NCMN Seminar w/Blair Brettmann

Coupling Formulation and Processability for the Design and Manufacture of Electrospun Ultrafine Fibers

Date:
Time:
4:00 pm – 5:00 pm
Jorgensen Hall Room: 110
Contact:
Samone Behrendt, samone.behrendt@unl.edu
Abstract:
While progress has been made in rapidly customizing the shape of material goods through advanced manufacturing processes, customizing the properties of the materials and responding to disruptions in the supply chain and new regulations is still a slow development process. A major factor slowing materials customization is understanding the interactions between components in complex mixtures used to make functional products and, especially, how those interactions impact manufacturability. Our research uses principles of Quality-by-Design to integrate materials, rheology and processing and enable manufacturing innovation practices that include the materials needed for manufacturability early in a product design process.
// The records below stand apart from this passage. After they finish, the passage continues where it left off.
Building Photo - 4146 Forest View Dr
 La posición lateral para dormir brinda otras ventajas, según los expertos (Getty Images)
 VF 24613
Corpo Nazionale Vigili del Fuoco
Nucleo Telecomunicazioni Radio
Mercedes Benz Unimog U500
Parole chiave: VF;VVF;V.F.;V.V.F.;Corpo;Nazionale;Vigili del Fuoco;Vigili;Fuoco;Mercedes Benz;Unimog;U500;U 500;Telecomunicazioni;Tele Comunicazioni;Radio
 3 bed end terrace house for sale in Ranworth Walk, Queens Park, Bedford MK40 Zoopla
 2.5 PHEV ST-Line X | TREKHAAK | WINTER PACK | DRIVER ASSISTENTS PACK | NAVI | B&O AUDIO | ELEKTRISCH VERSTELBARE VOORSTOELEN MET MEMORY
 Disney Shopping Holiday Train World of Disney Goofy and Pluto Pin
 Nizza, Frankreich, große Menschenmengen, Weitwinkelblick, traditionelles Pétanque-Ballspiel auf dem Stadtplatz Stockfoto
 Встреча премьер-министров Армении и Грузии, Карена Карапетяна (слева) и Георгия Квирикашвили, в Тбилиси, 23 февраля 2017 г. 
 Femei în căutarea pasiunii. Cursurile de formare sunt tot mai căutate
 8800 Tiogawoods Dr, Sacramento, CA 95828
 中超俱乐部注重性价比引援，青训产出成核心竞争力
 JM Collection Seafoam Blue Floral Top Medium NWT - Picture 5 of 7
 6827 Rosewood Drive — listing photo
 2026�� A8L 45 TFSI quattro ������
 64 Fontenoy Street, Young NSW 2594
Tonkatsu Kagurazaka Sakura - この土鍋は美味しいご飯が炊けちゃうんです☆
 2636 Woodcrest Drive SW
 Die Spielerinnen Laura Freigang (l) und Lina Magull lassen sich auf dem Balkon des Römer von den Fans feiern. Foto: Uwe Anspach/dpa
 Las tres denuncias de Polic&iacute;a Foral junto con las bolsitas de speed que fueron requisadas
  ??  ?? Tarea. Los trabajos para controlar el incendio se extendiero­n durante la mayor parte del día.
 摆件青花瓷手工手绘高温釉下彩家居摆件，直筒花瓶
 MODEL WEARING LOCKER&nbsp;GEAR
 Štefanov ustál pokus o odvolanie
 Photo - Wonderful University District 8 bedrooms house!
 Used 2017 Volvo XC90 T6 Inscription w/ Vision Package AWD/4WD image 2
The link between materials and rheology is frequently studied, but is complex due to multicomponent mixtures. The link between rheology and processing is standard for polymer manufacturing, but engineers cannot pull a “rheology” off of a shelf, they must select a set of chemicals. Thus, to meaningfully decrease time to production, a faster link between materials and processing must be made. Specific advances tying solution properties to electrospinability via extensional rheology to allow for production of advanced nanofibers, including thermoelectric materials, will be discussed. We will also address an important challenge in developing formulations for solution processing, solubilizing the components, and how we aim to overcome this by predicting polymer solubility via machine learning approaches. This work provides the foundation to decrease the time to production and enable Quality-by-Design by integrating formulation for processing into early stages of development using fundamental chemistry-processing relationships.

Bio:
Blair Brettmann is an Assistant Professor in Chemical and Biomolecular Engineering and Materials Science and Engineering at Georgia Tech. She received her B.S. in Chemical Engineering at the University of Texas at Austin and her Ph.D. in Chemical Engineering at MIT. Following her Ph.D., Dr. Brettmann was a Senior Research Engineer at Saint-Gobain and a postdoctoral researcher in the Institute for Molecular Engineering at the University of Chicago. She was the recipient of the NSF CAREER Award in 2021, the ACS PMSE Young Investigator award in 2020 and an IUPAC Young Observer in 2019. Her research focuses on linking molecular to micron scale phenomena to processing and multicomponent complex mixtures to enable rapid and science-driven formulation and product development.